Standish Community High School – known locally as Standish High – is a coeducational secondary school located in Standish in the Metropolitan Borough of Wigan, Greater Manchester, England.

The school has approximately 1,250 students aged 11–16 in Key Stages 3 & 4 and has specialisms in Languages, Maths and Computing. The current headteacher is Mrs Lindsey Barker, who took over the position from Andrew Pollard in 2018.

It teaches the following subjects to GCSE level: English, Maths, Science and Triple Science, Art, Photography, Music, Drama, Media, MFL (including French and Spanish), Technology, Physical Education, Religious Education, History, Geography, Computer Science and ICT.

History 
The school was founded in 1978. It began a major building and remodelling programme in 1989, and in 1992 opened up new facilities for science, art, and design technology. Standish Community High School has been a Language College since 1996. It has a replica continental high-street in the Languages department, complete with shops, stalls and a bank, which can be used as part of teaching and learning or can be booked‐out by other schools and colleges.

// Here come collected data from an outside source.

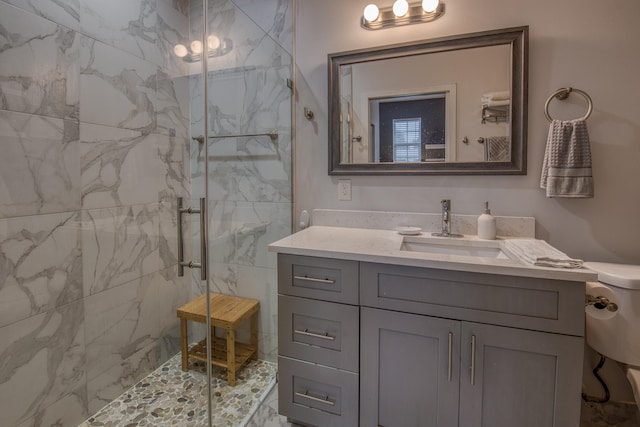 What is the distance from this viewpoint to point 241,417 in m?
1.59

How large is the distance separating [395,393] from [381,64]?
5.40 feet

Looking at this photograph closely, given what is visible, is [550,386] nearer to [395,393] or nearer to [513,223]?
[395,393]

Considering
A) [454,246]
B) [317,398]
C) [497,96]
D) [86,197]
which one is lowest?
[317,398]

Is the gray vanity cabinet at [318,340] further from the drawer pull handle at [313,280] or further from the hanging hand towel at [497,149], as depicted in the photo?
the hanging hand towel at [497,149]

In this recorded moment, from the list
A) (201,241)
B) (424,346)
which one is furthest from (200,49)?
(424,346)

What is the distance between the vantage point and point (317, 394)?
56.4 inches

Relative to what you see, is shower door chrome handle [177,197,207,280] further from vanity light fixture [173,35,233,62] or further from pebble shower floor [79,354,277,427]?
vanity light fixture [173,35,233,62]

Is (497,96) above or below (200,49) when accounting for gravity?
below

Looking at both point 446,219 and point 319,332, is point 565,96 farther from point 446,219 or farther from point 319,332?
point 319,332

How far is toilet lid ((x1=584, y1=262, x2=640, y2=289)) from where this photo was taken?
47.1 inches

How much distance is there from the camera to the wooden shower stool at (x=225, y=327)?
155 cm

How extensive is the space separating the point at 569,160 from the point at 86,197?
2219 mm

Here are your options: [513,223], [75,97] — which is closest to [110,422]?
[75,97]

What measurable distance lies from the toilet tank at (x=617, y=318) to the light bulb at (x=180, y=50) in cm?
207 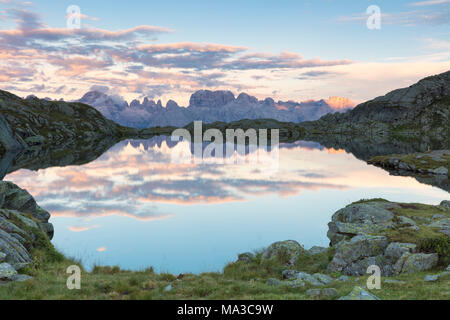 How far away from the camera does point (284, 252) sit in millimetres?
26625

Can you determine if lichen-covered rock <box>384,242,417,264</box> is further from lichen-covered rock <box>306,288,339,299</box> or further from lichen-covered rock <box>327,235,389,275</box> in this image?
lichen-covered rock <box>306,288,339,299</box>

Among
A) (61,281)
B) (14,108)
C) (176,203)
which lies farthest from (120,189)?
(14,108)

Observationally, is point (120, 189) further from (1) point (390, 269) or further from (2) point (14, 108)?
(2) point (14, 108)

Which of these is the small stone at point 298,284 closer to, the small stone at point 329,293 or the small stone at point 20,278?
the small stone at point 329,293

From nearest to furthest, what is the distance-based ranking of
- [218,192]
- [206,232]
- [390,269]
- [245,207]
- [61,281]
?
[61,281] < [390,269] < [206,232] < [245,207] < [218,192]

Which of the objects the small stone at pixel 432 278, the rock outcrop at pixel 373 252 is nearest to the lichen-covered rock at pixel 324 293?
the rock outcrop at pixel 373 252

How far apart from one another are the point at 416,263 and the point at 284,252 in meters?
9.39

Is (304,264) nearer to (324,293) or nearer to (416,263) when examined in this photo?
(416,263)

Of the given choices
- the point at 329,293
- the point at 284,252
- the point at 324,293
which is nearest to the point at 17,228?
the point at 284,252

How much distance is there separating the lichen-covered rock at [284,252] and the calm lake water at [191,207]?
4.20 metres

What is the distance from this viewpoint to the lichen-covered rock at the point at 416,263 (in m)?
20.0

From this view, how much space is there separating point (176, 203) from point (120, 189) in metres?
16.8

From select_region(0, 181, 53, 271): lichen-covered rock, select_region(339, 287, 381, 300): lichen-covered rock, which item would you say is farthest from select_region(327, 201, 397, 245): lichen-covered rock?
select_region(0, 181, 53, 271): lichen-covered rock

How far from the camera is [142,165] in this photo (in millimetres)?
105750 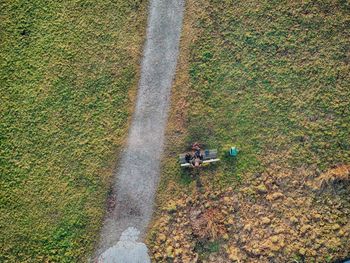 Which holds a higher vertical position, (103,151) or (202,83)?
(202,83)

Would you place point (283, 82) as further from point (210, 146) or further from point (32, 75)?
point (32, 75)

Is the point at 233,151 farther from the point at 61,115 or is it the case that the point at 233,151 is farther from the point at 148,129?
the point at 61,115

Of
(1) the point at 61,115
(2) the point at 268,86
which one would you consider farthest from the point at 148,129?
(2) the point at 268,86

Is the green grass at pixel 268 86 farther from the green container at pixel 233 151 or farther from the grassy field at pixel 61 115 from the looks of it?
the grassy field at pixel 61 115

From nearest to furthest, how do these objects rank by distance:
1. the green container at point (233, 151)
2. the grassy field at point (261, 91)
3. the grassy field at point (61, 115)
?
the green container at point (233, 151) → the grassy field at point (61, 115) → the grassy field at point (261, 91)

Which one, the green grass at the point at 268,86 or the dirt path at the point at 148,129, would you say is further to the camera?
the green grass at the point at 268,86

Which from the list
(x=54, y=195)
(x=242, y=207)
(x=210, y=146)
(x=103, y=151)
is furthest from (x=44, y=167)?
(x=242, y=207)

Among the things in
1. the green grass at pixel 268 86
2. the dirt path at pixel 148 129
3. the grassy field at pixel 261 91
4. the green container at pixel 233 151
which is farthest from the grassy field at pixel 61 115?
the green container at pixel 233 151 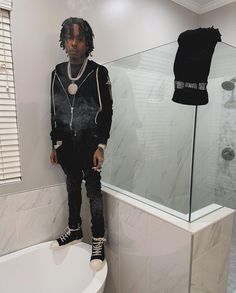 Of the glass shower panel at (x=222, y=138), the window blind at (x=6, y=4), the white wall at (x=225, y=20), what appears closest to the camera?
the window blind at (x=6, y=4)

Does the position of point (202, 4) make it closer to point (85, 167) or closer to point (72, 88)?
point (72, 88)

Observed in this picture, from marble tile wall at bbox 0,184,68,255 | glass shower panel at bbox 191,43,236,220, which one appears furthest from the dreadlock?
glass shower panel at bbox 191,43,236,220

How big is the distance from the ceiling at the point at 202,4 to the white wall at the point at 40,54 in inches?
31.1

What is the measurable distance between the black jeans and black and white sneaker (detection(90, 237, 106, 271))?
40 millimetres

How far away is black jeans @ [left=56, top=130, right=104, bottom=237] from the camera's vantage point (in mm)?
1354

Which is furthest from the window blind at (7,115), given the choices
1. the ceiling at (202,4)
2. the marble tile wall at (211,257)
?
the ceiling at (202,4)

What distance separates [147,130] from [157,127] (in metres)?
0.11

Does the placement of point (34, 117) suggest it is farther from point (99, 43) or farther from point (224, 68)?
point (224, 68)

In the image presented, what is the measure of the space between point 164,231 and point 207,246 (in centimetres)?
21

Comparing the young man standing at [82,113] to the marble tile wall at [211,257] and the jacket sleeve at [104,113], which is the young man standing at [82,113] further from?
the marble tile wall at [211,257]

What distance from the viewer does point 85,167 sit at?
54.0 inches

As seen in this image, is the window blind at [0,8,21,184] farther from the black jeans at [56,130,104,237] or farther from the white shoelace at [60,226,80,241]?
the white shoelace at [60,226,80,241]

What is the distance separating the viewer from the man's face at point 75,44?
1.27 metres

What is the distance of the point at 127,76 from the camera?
72.5 inches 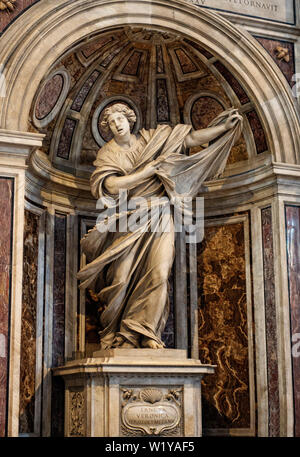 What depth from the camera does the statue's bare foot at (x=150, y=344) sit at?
824 centimetres

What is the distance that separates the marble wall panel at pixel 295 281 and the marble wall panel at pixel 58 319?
2.39m

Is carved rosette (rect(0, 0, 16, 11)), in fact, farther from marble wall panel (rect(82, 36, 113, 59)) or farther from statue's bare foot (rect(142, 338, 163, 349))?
statue's bare foot (rect(142, 338, 163, 349))

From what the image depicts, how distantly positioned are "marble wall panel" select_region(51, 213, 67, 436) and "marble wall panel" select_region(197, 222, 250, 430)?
158 cm

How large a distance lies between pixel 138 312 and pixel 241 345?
145 cm

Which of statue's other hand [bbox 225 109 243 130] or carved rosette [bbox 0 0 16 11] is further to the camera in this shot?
statue's other hand [bbox 225 109 243 130]

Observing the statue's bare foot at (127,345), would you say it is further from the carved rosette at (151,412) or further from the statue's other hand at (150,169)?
the statue's other hand at (150,169)

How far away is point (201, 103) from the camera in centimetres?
972

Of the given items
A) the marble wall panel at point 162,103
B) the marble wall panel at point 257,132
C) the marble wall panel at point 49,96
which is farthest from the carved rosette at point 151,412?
the marble wall panel at point 162,103

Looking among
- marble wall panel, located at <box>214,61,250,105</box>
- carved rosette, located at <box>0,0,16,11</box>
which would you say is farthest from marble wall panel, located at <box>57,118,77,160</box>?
marble wall panel, located at <box>214,61,250,105</box>

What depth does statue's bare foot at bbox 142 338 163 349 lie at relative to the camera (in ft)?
27.0

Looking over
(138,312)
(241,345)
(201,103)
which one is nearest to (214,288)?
(241,345)

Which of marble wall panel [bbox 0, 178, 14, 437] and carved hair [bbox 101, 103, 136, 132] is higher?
carved hair [bbox 101, 103, 136, 132]

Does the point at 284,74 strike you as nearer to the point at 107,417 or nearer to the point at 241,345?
the point at 241,345

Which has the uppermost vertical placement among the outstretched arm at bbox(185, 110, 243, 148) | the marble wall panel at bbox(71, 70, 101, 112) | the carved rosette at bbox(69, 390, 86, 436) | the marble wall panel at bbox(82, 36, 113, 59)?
the marble wall panel at bbox(82, 36, 113, 59)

In 2018, the school became part of a multi-academy trust in partnership with Southlands High School, after plans were approved by the Department for Education.

The school is known in the region for their consistent good grades, achieving 86% A*–C grades in 2011 including Maths and English subjects.. The school is also very well known in the Wigan Borough due to outstanding Ofsted reports which describe the school as "a good school", with some "outstanding" features such as safeguarding.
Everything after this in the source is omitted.